BRIEF: Please retype the line that contains "Used 2024 Nissan Sentra SV FWD image 24" and all lines that follow it to the end of the entries below, exactly as they stand, with nothing added.

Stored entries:
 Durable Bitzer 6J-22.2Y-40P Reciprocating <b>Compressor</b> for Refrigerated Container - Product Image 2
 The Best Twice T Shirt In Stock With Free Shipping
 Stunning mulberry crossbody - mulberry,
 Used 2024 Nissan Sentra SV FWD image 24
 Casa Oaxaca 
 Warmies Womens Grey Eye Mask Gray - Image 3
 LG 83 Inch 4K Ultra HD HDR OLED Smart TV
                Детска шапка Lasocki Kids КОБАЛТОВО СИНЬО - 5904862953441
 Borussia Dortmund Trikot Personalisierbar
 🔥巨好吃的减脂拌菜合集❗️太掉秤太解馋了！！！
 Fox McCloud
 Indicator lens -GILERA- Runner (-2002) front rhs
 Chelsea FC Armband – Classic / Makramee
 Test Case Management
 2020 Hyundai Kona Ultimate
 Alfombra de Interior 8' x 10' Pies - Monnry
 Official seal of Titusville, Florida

RESULT OF THIS EXERCISE:
 Used 2024 Nissan Sentra SV FWD image 24
 Casa Oaxaca 
 Warmies Womens Grey Eye Mask Gray - Image 3
 LG 83 Inch 4K Ultra HD HDR OLED Smart TV
                Детска шапка Lasocki Kids КОБАЛТОВО СИНЬО - 5904862953441
 Borussia Dortmund Trikot Personalisierbar
 🔥巨好吃的减脂拌菜合集❗️太掉秤太解馋了！！！
 Fox McCloud
 Indicator lens -GILERA- Runner (-2002) front rhs
 Chelsea FC Armband – Classic / Makramee
 Test Case Management
 2020 Hyundai Kona Ultimate
 Alfombra de Interior 8' x 10' Pies - Monnry
 Official seal of Titusville, Florida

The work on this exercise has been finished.